» PROBLEM DESCRIPTION: Give every line below again, exactly as it appears.

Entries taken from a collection
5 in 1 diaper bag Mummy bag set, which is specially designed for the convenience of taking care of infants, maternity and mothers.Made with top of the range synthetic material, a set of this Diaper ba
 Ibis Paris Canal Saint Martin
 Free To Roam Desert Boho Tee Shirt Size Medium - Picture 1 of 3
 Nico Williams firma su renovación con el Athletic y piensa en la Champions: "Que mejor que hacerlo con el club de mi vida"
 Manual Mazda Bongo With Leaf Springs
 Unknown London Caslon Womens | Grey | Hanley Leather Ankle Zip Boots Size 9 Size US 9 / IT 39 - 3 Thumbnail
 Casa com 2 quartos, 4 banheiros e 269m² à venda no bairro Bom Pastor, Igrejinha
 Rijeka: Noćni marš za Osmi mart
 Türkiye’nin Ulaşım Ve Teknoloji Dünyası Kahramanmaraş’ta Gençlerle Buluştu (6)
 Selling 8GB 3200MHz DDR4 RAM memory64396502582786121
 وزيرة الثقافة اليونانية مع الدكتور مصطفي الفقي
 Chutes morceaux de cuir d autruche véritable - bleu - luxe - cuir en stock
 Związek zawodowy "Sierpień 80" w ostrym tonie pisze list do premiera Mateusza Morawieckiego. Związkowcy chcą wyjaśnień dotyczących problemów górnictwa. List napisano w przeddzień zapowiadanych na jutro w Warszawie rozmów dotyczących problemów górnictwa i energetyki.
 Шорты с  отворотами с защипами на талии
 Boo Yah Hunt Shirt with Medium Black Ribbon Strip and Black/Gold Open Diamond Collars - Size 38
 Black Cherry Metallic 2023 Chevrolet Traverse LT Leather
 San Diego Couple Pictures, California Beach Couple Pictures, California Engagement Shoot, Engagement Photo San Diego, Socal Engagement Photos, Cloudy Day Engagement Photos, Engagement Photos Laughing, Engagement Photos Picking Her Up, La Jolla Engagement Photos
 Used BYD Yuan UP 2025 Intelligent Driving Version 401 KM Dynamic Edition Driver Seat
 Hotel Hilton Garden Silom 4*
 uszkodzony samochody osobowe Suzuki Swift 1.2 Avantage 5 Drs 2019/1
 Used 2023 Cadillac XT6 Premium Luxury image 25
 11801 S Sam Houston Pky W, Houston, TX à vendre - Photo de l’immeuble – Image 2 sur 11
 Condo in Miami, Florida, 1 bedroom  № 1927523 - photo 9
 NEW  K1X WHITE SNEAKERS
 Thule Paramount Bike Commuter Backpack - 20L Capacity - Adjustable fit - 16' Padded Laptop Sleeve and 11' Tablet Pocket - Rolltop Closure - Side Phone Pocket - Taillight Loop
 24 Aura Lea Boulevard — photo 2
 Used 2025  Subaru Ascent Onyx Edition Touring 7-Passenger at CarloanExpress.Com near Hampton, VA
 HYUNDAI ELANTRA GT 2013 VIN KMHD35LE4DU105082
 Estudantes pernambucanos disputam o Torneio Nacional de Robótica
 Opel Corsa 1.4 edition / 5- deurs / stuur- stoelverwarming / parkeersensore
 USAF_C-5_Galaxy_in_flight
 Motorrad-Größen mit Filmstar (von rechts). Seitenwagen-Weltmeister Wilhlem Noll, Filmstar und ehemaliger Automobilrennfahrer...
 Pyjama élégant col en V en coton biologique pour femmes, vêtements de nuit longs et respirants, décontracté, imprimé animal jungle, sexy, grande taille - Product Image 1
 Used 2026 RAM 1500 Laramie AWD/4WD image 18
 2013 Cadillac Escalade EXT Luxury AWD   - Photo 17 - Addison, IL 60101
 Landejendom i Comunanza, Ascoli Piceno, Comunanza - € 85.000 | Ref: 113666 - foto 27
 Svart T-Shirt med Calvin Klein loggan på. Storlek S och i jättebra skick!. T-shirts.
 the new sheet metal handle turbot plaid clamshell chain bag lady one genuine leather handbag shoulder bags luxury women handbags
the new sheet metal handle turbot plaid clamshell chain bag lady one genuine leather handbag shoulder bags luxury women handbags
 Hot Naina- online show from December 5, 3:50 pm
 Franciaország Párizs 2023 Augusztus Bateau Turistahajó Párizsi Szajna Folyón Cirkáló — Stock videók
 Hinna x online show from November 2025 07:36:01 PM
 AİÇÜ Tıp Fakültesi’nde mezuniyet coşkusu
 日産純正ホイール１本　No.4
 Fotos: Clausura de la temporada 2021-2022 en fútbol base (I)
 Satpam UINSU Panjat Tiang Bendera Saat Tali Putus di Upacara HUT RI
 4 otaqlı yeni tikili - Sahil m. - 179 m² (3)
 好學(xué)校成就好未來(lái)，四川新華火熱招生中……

» RESPONSE TO THIS EXERCISE:
5 in 1 diaper bag Mummy bag set, which is specially designed for the convenience of taking care of infants, maternity and mothers.Made with top of the range synthetic material, a set of this Diaper ba
 Ibis Paris Canal Saint Martin
 Free To Roam Desert Boho Tee Shirt Size Medium - Picture 1 of 3
 Nico Williams firma su renovación con el Athletic y piensa en la Champions: "Que mejor que hacerlo con el club de mi vida"
 Manual Mazda Bongo With Leaf Springs
 Unknown London Caslon Womens | Grey | Hanley Leather Ankle Zip Boots Size 9 Size US 9 / IT 39 - 3 Thumbnail
 Casa com 2 quartos, 4 banheiros e 269m² à venda no bairro Bom Pastor, Igrejinha
 Rijeka: Noćni marš za Osmi mart
 Türkiye’nin Ulaşım Ve Teknoloji Dünyası Kahramanmaraş’ta Gençlerle Buluştu (6)
 Selling 8GB 3200MHz DDR4 RAM memory64396502582786121
 وزيرة الثقافة اليونانية مع الدكتور مصطفي الفقي
 Chutes morceaux de cuir d autruche véritable - bleu - luxe - cuir en stock
 Związek zawodowy "Sierpień 80" w ostrym tonie pisze list do premiera Mateusza Morawieckiego. Związkowcy chcą wyjaśnień dotyczących problemów górnictwa. List napisano w przeddzień zapowiadanych na jutro w Warszawie rozmów dotyczących problemów górnictwa i energetyki.
 Шорты с  отворотами с защипами на талии
 Boo Yah Hunt Shirt with Medium Black Ribbon Strip and Black/Gold Open Diamond Collars - Size 38
 Black Cherry Metallic 2023 Chevrolet Traverse LT Leather
 San Diego Couple Pictures, California Beach Couple Pictures, California Engagement Shoot, Engagement Photo San Diego, Socal Engagement Photos, Cloudy Day Engagement Photos, Engagement Photos Laughing, Engagement Photos Picking Her Up, La Jolla Engagement Photos
 Used BYD Yuan UP 2025 Intelligent Driving Version 401 KM Dynamic Edition Driver Seat
 Hotel Hilton Garden Silom 4*
 uszkodzony samochody osobowe Suzuki Swift 1.2 Avantage 5 Drs 2019/1
 Used 2023 Cadillac XT6 Premium Luxury image 25
 11801 S Sam Houston Pky W, Houston, TX à vendre - Photo de l’immeuble – Image 2 sur 11
 Condo in Miami, Florida, 1 bedroom  № 1927523 - photo 9
 NEW  K1X WHITE SNEAKERS
 Thule Paramount Bike Commuter Backpack - 20L Capacity - Adjustable fit - 16' Padded Laptop Sleeve and 11' Tablet Pocket - Rolltop Closure - Side Phone Pocket - Taillight Loop
 24 Aura Lea Boulevard — photo 2
 Used 2025  Subaru Ascent Onyx Edition Touring 7-Passenger at CarloanExpress.Com near Hampton, VA
 HYUNDAI ELANTRA GT 2013 VIN KMHD35LE4DU105082
 Estudantes pernambucanos disputam o Torneio Nacional de Robótica
 Opel Corsa 1.4 edition / 5- deurs / stuur- stoelverwarming / parkeersensore
 USAF_C-5_Galaxy_in_flight
 Motorrad-Größen mit Filmstar (von rechts). Seitenwagen-Weltmeister Wilhlem Noll, Filmstar und ehemaliger Automobilrennfahrer...
 Pyjama élégant col en V en coton biologique pour femmes, vêtements de nuit longs et respirants, décontracté, imprimé animal jungle, sexy, grande taille - Product Image 1
 Used 2026 RAM 1500 Laramie AWD/4WD image 18
 2013 Cadillac Escalade EXT Luxury AWD   - Photo 17 - Addison, IL 60101
 Landejendom i Comunanza, Ascoli Piceno, Comunanza - € 85.000 | Ref: 113666 - foto 27
 Svart T-Shirt med Calvin Klein loggan på. Storlek S och i jättebra skick!. T-shirts.
 the new sheet metal handle turbot plaid clamshell chain bag lady one genuine leather handbag shoulder bags luxury women handbags
the new sheet metal handle turbot plaid clamshell chain bag lady one genuine leather handbag shoulder bags luxury women handbags
 Hot Naina- online show from December 5, 3:50 pm
 Franciaország Párizs 2023 Augusztus Bateau Turistahajó Párizsi Szajna Folyón Cirkáló — Stock videók
 Hinna x online show from November 2025 07:36:01 PM
 AİÇÜ Tıp Fakültesi’nde mezuniyet coşkusu
 日産純正ホイール１本　No.4
 Fotos: Clausura de la temporada 2021-2022 en fútbol base (I)
 Satpam UINSU Panjat Tiang Bendera Saat Tali Putus di Upacara HUT RI
 4 otaqlı yeni tikili - Sahil m. - 179 m² (3)
 好學(xué)校成就好未來(lái)，四川新華火熱招生中……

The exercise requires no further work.